Way before I heard of that lame “in bed” joke about fortune cookies, I had “f-cookies.”

Pronounced “fuh-cookies”. One word.

Back in ninth or tenth grade, when I was taking programming with the awesome and hilarious storyteller Alex, [dred-]locked Maurice, and Dan-the-Man, when life was simple and life was Turbo Pascal, when coding was about goofily writing unmaintainable code in as many languages as we knew, when Alex was allowed to dominate the class for half a period during coding time to have us giggling too hard to be able to see the monitors…

… back then we had f-cookies.

The assignment was simple: write a fortune cookie generator using fortunes you put in a text file and spit out randomly using a Pascal program of our creation.

So we partnered up; Alex and Maurice always partnered up unless told otherwise by Ms. G-B. They were the sort that no one else really wanted to work with, in part because you’d end up doing all the coding, and in part because they were too funny a duo to break up.

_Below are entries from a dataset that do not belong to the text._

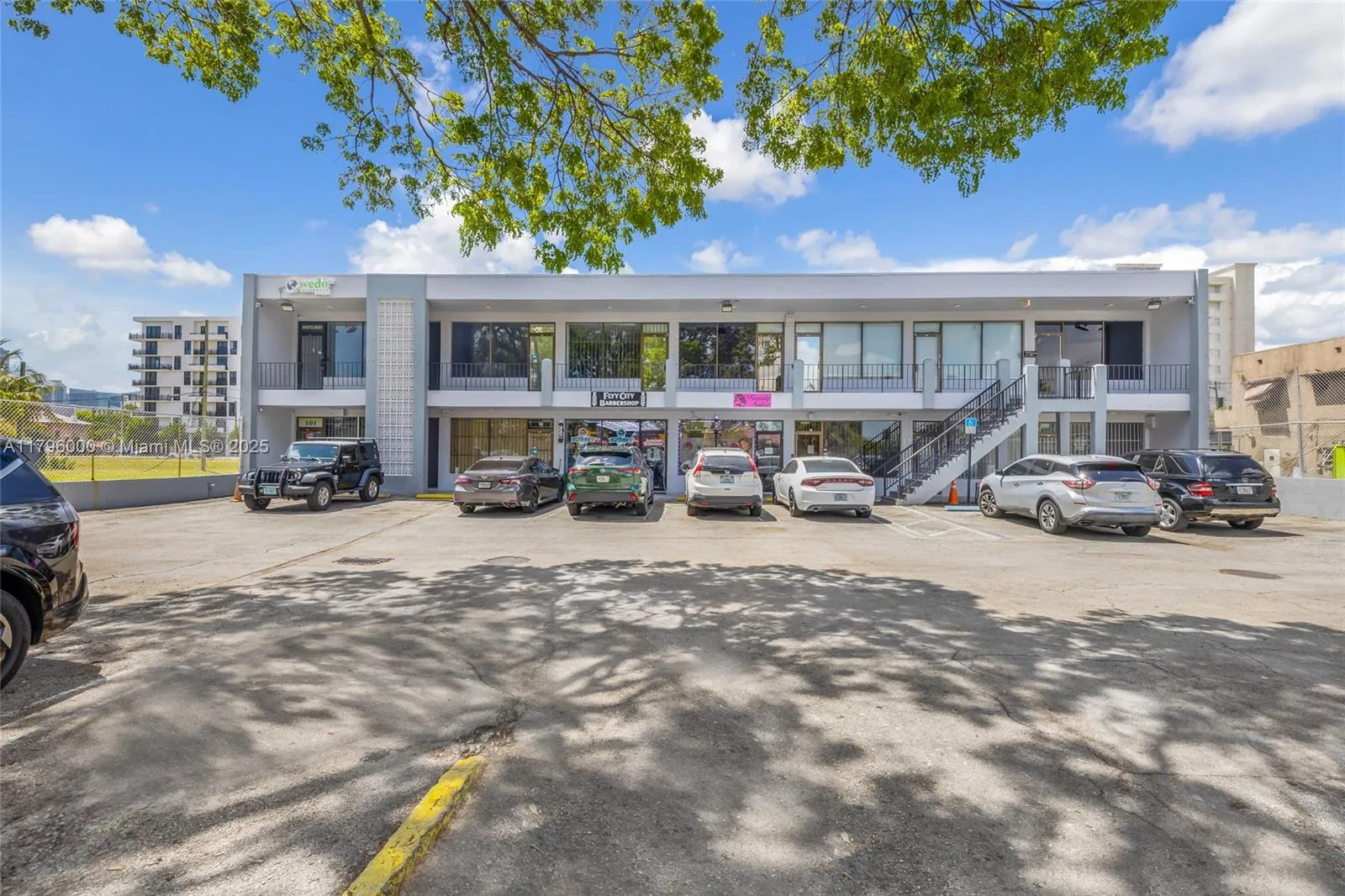 752 W Flagler St, Miami, Florida 33130, Miami, Florida 33130, ,Commercial Lease,For Rent,752 W Flagler St, Miami, Florida 33130,A11796000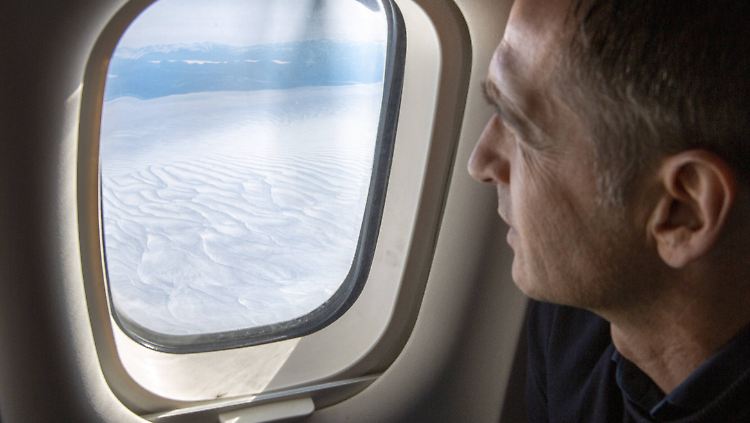 Auch Flugreisen heizen den Klimawandel an, könnte Außenminister Maas auf dem Flug von Iqaluit nach Pond Inlet gedacht haben.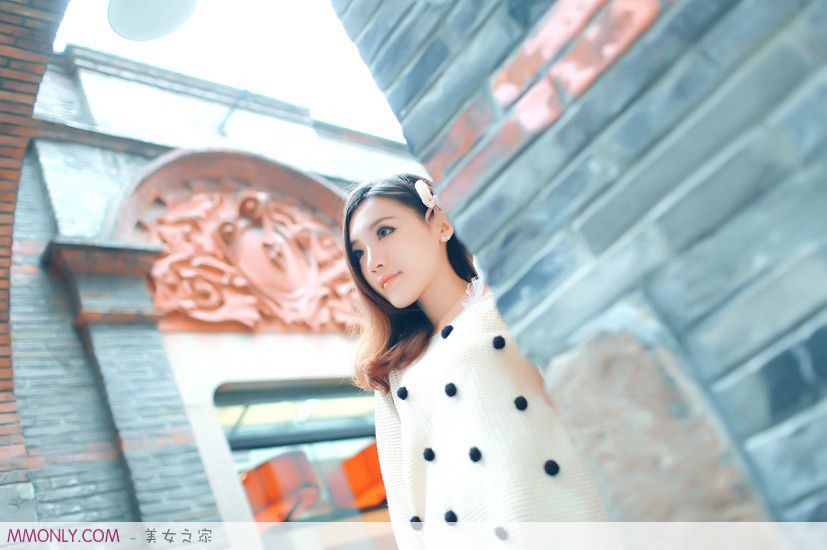 极品美女街拍老弄堂魅力成熟魅力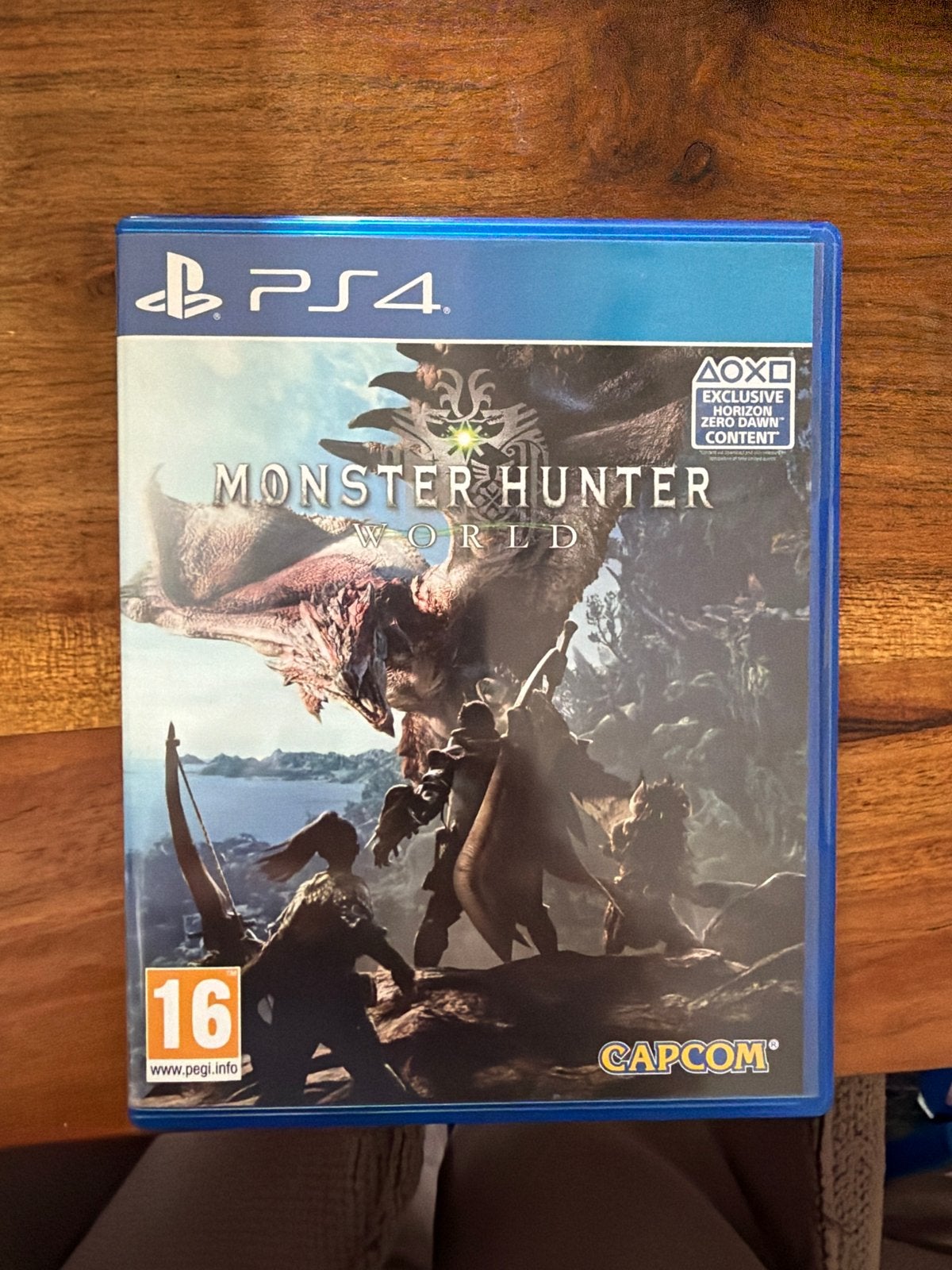 Monster Hunter World PS4 - Zo goed als nieuw, Online, 1 speler, Ophalen of Verzenden, Zo goed als nieuw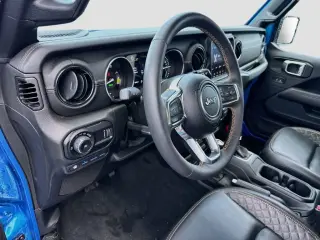 Jeep Wrangler 2023 4x4 High Altitude 4xe 4 puertas SUV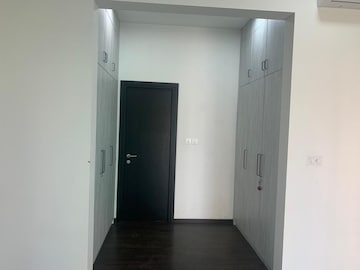 Room in 3 BHK Apartment at Shapoorji Pallonji Joyville Phase 2, Sector 102 – for Rent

Anyway, most folks (myself included) wrote lame, general fortunes. “You shall have peace and prosperity,” and all that bullshit. Dan-the-Man may have done his in Spanish, since he was cool like that. Alex and Maurice, of course, wrote the most amazingly funny fortune cookies. (Notice there are only four people in this class? Ha. There were really 20 or more.)

I don’t think I remember a single one of their fortunes, but we had here two grinding (as in rails) skater-types who talked incessantly of the latest tricks they’d learned and who had a willingness to playfully offend any group, but the boyish charm to be excused of all their crimes (even of calling our Jewish teacher a Nazi… whoo, that was a tense moment).

I remember they had some hilarious pseudo-ASCII-art header for their program that proclaimed the awesomeness of F-Cookies (which was just the name of the text file their cookies were stored in) and a warning against those easily offended. Then came the offensive prompt, undoubtedly with a Mr. T reference thrown in for good measure.

I remember screaming and laughing and begging them to stop and shut up and giggling until I was coughing and having trouble breathing and sitting on the floor because I’d missed my chair when I ran out of air and fell. Even Mrs. G-B was laughing. Then, of course, I giggled more in that high-pitched giggle that will cause a room of strangers to look and see who’s having all that fun. I don’t know that that programming group (we all took two to four years of programming together) ever became immune to my giggle.

We were a team until junior year when Maurice decided not to take AP computer science and forest-for-legs-Shawn graduated. Alex is wonderful in and of himself, but the Alex-Maurice team was unbeatable and I let myself become more secluded with IB work in programming that year.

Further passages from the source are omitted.